Pero la dirección de los vientos siempre cambia y, un día, por envidia, por venganza o por el simple goce de enrarecer el ambiente, alguien decide que es hora de sacar a pasear el esqueleto- o la legión de esqueletos- del fulano o fulana para que se den una vuelta por ahí. Y aquí es donde se hace evidente la diferencia. Mientras a los esqueletos del pasado los sacaban a pasear por las calles de Roma, París, Londres o San Petersburgo, los modernos tienen el planeta entero a su disposición:  basta un clic para que el huesudo en cuestión le dé la vuelta al mundo en todas direcciones en cuestión de segundos. Por eso es habitual que en las redes, y en tiempo real, se crucen los esqueletos de Shakira y Piqué, de Lady Gaga y el presidente Bukele o los de un cardenal romano y una estrella porno de Los Ángeles.



Es entonces cuando se escucha primero una vocecita, luego un grito estridente y acto seguido un llamado de auxilio pidiendo que se respete la vida privada del reclamante. ¿No es éste el mismo individuo que hasta ayer hizo de su vida un acto de perpetuo exhibicionismo? Se pregunta con todo derecho el consumidor de información al que le reste un tanto así de lucidez.

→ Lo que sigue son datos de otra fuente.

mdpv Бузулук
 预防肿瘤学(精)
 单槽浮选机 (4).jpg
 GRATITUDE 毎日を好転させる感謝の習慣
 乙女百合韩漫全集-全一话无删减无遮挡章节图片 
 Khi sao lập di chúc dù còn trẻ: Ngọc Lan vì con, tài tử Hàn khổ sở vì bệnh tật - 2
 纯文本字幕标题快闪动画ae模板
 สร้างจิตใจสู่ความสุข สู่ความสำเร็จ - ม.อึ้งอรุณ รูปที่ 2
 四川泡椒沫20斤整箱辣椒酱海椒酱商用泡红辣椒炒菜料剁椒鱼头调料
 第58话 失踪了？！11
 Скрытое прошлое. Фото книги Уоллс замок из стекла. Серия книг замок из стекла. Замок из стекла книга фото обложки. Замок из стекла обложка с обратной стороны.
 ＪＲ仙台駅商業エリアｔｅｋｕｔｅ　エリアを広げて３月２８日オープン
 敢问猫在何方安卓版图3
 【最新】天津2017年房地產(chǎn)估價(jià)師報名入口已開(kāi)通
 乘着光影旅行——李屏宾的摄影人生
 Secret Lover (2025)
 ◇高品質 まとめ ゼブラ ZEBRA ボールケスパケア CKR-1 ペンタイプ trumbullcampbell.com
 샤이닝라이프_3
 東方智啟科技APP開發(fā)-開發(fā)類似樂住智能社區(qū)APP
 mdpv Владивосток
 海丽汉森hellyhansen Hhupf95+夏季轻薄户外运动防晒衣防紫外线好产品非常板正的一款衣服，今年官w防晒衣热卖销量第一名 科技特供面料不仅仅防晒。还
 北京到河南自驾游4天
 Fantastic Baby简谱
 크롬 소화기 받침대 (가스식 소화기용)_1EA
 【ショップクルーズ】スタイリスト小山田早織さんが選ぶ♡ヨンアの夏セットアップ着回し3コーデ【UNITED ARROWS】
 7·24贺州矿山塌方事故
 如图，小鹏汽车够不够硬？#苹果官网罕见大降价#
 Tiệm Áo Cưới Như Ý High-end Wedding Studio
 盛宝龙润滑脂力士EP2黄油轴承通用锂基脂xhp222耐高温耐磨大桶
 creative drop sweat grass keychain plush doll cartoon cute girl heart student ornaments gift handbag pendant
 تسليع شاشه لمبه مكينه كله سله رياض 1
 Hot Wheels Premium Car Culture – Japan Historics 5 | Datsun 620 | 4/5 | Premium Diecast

Y le asiste toda la razón: si las viejas fronteras entre vida pública y privada se desvanecieron a resultas de las acciones del ahora quejumbroso, no se entiende con qué rasero se pueden medir las dimensiones de la supuesta invasión. Conceptos como intimidad o privacidad, que las personas solían defender con todos los recursos a su alcance, hace rato perdieron su antiguo sentido, más aún cuando la existencia toda se convirtió en espectáculo.

Dicho de otra manera, si un sector de la población hizo de la exhibición del propio ser una codiciada mercancía, mal hace ahora en reclamar porque otro sector optó por darles un paseo a sus esqueletos en las redes.